Project·

RAG Chatbot Platform with Custom Knowledge Bases and Multi-Language Support

Client project: a chatbot embedding platform built on a Langchain RAG pipeline, FastAPI on GCP, and Supabase. Supports custom knowledge base ingestion and 60+ languages.

Client: OllabotService: Client Work

Problem

The client wanted a chatbot platform that businesses could train on their own content — product docs, FAQs, support history — and embed on their website. The constraint: non-technical users needed to be able to add and update the knowledge base without engineering help.

Generic chatbot tools either don't support custom training data or require a developer to retrain a model. The goal was a middle path: a RAG pipeline where the "training" is just uploading a file or pasting a URL.

Why It's Hard

RAG retrieval quality degrades with noisy inputs. The knowledge base comes from file uploads (PDF, DOCX, TXT) and link-based web scraping. Real business content is inconsistently formatted: headers in body text, tables that don't parse cleanly, navigation links mixed into page content. Garbage in, garbage out — poor chunking and embedding quality produces hallucinated or irrelevant answers at retrieval time.

Multilingual LLM output is inconsistent. The system supports 60+ languages. The challenge isn't translation — it's that the underlying LLM occasionally slips back into English mid-response, especially for low-resource languages or when the retrieved context is in a different language than the query. Getting consistent language-matched output required explicit prompt constraints and post-processing checks.

Embedding scripts in arbitrary third-party sites. The chatbot is embedded via a JavaScript snippet in Webflow, Wix, WordPress, and custom HTML. Each platform has different CSP headers, iframe restrictions, and DOM quirks. What works in a plain HTML page breaks in Webflow. Testing across platforms was more work than the embedding code itself.

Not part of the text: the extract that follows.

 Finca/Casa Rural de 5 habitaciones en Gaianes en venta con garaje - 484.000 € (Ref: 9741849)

Hybrid cloud coordination. File processing (ingestion, chunking, embedding) is resource-heavy and infrequent. Chat inference is lightweight and high-frequency. Running both on the same infrastructure meant either over-provisioning for ingestion or under-provisioning for chat. The solution was separating them into independent GCP cloud functions — but that added a cross-service security boundary to manage.

Architecture

Loading diagram...

The split between Vercel and GCP was deliberate. Chat inference runs on Vercel — low latency, edge-friendly, low resource use. File ingestion runs on a GCP cloud function — higher memory, longer timeout, billed per invocation. The GCP function is locked down: API key authentication plus a VPS firewall rule that only allows requests from the Vercel frontend's IP.

The knowledge base lives in Supabase with pgvector for embedding storage and similarity search. When a user sends a message, the FastAPI backend embeds the query, runs a similarity search against the stored vectors, injects the top results as context, and sends the whole thing to the LLM with language and tone instructions.

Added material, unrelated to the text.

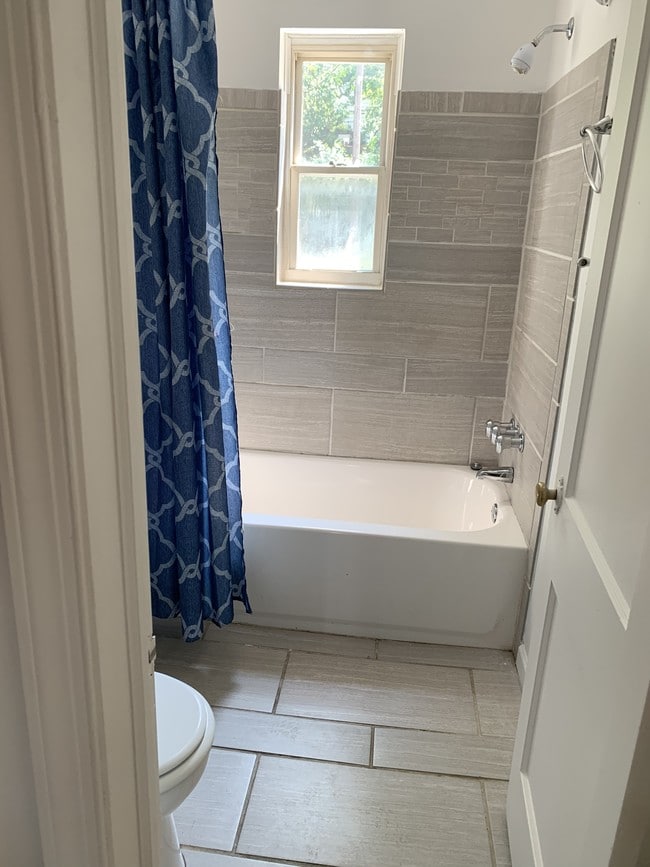 Building Photo - 4627 E Capitol St SE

Ollabot knowledge base sources dashboard

Key Engineering Decisions

GCP for ingestion, Vercel for inference. Both could run on one platform, but the resource profiles are opposite. Ingestion needs 30s+ runtime and 512MB+ for large PDFs. Chat inference needs under 500ms cold start and minimal memory. Separate platforms, separate billing, separate scaling policies. The operational overhead of two platforms is real — but less than over-provisioning a single service.

pgvector in Supabase over a dedicated vector store. Pinecone and Weaviate were options. Using pgvector meant the vector store and the user/chat data live in the same database: same backup policy, same auth model, no cross-service joins. For a product at this scale, the operational simplicity was worth the performance ceiling.

Langchain for the RAG chain. Langchain's abstractions are heavy and sometimes opaque, but they handle the document loading, text splitting, embedding, and retrieval chain in ways that are easy to swap out. The ability to quickly swap the embedding model or the LLM without rewriting the chain mattered for a client project where requirements changed.

Language matching via prompt constraints. Rather than a translation layer, the system prompts the LLM to respond in the same language as the query. This works for common languages and degrades gracefully for rare ones (falls back to the language of the retrieved context). A proper multilingual pipeline would detect query language and translate context before injection — this was the practical tradeoff.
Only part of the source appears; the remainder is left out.